La réponse au cléricalisme est donc l’appel universel à la sainteté de tous les fidèles et la connaissance respectueuse de la spécificité de chaque vocation, sans perdre de vue le fait que le peuple de Dieu est un tout organique. La responsabilisation du laïcat consiste en deux pôles : connaître sa propre vocation en tant que laïc, connaître celle des autres pour mieux être au service de l’ensemble. En cela, la formation au droit canon peut être d’une grande aide au sein de la formation initiale et continue de chaque vocation dans l’Eglise, car, ainsi que le dit Julian Herranz, la racine [[3]] propre de la juridicité du droit canon se trouve dans la structure constitutionnelle du Peuple de Dieu.
Sur le même constat, le père Dortel-Claudot décrit le problème spécifique des communautés nouvelles du point de vue du droit canonique comme une confusion entre les états de vie :

«  Les communautés nouvelles proche du type  (A) ont une analogie avec les instituts religieux ; celles du type (Z) ont une analogie avec les instituts séculiers. Celles situées quelque part entre (A) et (Z), ou dont certains membres vivent une existence de type ( A) tandis que d’autres, en nombre plus ou moins égal, vivent une existence de type ( Z), seraient à rapprocher selon moi, des sociétés de vie apostoliques. Nous disons cela non point pour annexer les communautés nouvelles et vouloir à tout prix les raccrocher aux formes classiques de vie consacrée, mais parce que les analogies et les apparentements sautent aux yeux et s’imposent à n’importe quel regard objectif. »[[4]]

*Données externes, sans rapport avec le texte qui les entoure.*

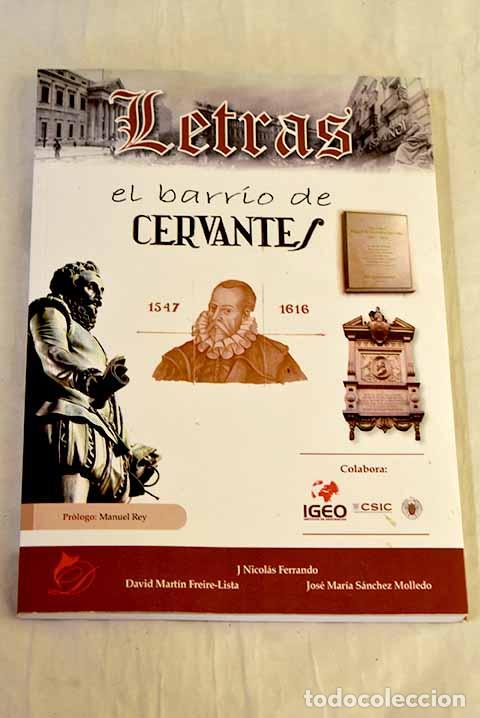 books: Letras: el barrio de Cervantes, 1547-1616.- Ferrando, J. Nicol&aacute;s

Ainsi, l’aboutissement d’un certain anti juridisme mène aux confusions d’états de vie dans l’Eglise, ce qui est aussi une conséquence du manque de connaissance de la structure constitutionnelle du peuple de Dieu. Une partie de la réponse serait probablement à chercher du côté d’une meilleure définition de la vocation des laïcs, mais aussi de l’approfondissement de la vocation à une vie consacrée réellement séculière, dans le monde « hors la vie religieuse ».
 


[[2]] « La Consécration des Vierges », in Comité canonique français des religieux, Cerf 1993, p 191.
« La décision d’admettre à la consécration des vierges des femmes vivant dans le monde fait revivre l’usage antique. (…) Au début du XXème siècle, quelques prélats ( le cardinal de Cabrières, le cardinal Mercier, Mgr Mermillod, etc.) avaient bien tenté de remettre à l’honneur l’ancienne pratique, mais la sacrée Congrégation des religieux avait rejeté, le 25 mars 1927, une demande allant dans ce sens. Le pape Pie XII, confirmant cette position, décrétait dans Sponsa Christi ( le 21 novembre 1950) que le rite de la consécration des vierges serait désormais un droit exclusif des moniales proprement dites. Le rituel de 1970 abroge heureusement cette disposition. »
 
[[3]]«  Il Diritto canonico ha una vera e propria giuridicità, che trova la sua radice e specificità nella stessa struttura costituzionale del Popolo di Dio », Julian Herranz, Il Diritto Canonico, Perché ? op. cit .
http://www.vatican.va/roman_curia/pontifical_councils/intrptxt/documents/rc_pc_intrptxt_doc_20020429_diritto-canonico_it.html
[[4]] P. DORTEL-CLAUDOT, «  Les Communautés Nouvelles, » in Vie Religieuse, Erémitisme, Consécration des Vierges, Communautés Nouvelles, Etude du Comité Canonique Français des Religieux, Editions du Cerf 1993, p 241.